RECORDS SHOWN:
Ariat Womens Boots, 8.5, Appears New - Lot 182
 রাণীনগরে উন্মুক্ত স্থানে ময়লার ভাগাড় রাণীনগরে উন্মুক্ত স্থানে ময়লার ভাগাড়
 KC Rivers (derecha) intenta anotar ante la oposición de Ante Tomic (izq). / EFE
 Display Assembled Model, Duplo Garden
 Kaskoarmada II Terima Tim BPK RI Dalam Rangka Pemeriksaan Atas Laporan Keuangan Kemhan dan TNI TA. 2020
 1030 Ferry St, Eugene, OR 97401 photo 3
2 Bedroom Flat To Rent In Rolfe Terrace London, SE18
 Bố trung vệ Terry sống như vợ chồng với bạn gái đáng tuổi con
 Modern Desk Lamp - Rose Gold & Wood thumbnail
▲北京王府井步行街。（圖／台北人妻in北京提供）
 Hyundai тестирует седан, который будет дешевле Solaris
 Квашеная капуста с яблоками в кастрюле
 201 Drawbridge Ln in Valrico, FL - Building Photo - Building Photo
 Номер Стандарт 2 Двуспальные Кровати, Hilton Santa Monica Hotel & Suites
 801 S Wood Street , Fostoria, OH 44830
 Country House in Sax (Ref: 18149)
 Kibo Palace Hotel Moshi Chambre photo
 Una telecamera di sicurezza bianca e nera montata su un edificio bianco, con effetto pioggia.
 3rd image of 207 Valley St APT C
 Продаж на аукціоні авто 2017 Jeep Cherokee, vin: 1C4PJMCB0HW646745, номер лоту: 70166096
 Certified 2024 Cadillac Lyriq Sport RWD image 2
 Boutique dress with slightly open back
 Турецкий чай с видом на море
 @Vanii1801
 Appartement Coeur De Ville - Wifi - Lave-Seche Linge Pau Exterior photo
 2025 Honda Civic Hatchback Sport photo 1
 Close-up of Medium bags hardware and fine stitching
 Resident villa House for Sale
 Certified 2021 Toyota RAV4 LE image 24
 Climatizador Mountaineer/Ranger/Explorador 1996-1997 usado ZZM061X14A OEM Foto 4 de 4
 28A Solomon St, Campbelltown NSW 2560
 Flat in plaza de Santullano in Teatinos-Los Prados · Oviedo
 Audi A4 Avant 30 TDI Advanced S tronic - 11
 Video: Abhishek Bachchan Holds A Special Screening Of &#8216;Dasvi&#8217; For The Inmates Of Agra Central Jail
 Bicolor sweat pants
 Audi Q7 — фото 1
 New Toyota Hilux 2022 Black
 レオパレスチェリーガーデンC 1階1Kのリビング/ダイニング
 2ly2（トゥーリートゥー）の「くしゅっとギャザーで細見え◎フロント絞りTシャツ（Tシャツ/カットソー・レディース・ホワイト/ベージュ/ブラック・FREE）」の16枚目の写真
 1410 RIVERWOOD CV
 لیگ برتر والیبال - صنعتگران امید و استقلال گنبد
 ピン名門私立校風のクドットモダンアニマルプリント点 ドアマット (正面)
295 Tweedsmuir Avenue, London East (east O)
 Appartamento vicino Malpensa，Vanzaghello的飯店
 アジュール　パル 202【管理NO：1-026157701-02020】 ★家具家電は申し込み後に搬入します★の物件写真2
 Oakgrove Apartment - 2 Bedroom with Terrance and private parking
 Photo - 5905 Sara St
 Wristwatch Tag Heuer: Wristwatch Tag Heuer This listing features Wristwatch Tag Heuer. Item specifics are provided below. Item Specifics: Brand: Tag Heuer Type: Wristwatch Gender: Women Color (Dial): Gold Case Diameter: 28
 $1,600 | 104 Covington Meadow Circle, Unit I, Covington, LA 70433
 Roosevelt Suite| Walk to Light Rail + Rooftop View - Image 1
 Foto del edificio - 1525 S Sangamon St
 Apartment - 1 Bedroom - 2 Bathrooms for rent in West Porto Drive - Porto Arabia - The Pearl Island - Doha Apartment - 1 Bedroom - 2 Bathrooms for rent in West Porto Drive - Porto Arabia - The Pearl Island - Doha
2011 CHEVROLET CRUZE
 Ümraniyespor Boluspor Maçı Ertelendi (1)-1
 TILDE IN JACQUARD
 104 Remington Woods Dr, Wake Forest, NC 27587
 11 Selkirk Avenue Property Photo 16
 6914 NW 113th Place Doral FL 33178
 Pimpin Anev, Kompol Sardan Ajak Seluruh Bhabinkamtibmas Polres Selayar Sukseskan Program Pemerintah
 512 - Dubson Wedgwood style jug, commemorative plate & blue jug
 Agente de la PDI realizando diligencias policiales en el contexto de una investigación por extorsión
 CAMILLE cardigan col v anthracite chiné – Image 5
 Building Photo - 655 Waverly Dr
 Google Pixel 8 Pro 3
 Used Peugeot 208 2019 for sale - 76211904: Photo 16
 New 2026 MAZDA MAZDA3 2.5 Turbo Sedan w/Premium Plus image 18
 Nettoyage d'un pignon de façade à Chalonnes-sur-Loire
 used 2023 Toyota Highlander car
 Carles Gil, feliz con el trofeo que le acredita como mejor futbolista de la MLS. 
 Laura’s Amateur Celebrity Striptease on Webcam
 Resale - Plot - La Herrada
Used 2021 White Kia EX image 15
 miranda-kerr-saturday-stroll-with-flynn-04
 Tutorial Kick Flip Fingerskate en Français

YOUR INSTRUCTIONS: Scan the data for lines containing "Toyota" and copy all of them.

EXPECTED OUTPUT:
 Certified 2021 Toyota RAV4 LE image 24
 New Toyota Hilux 2022 Black
 used 2023 Toyota Highlander car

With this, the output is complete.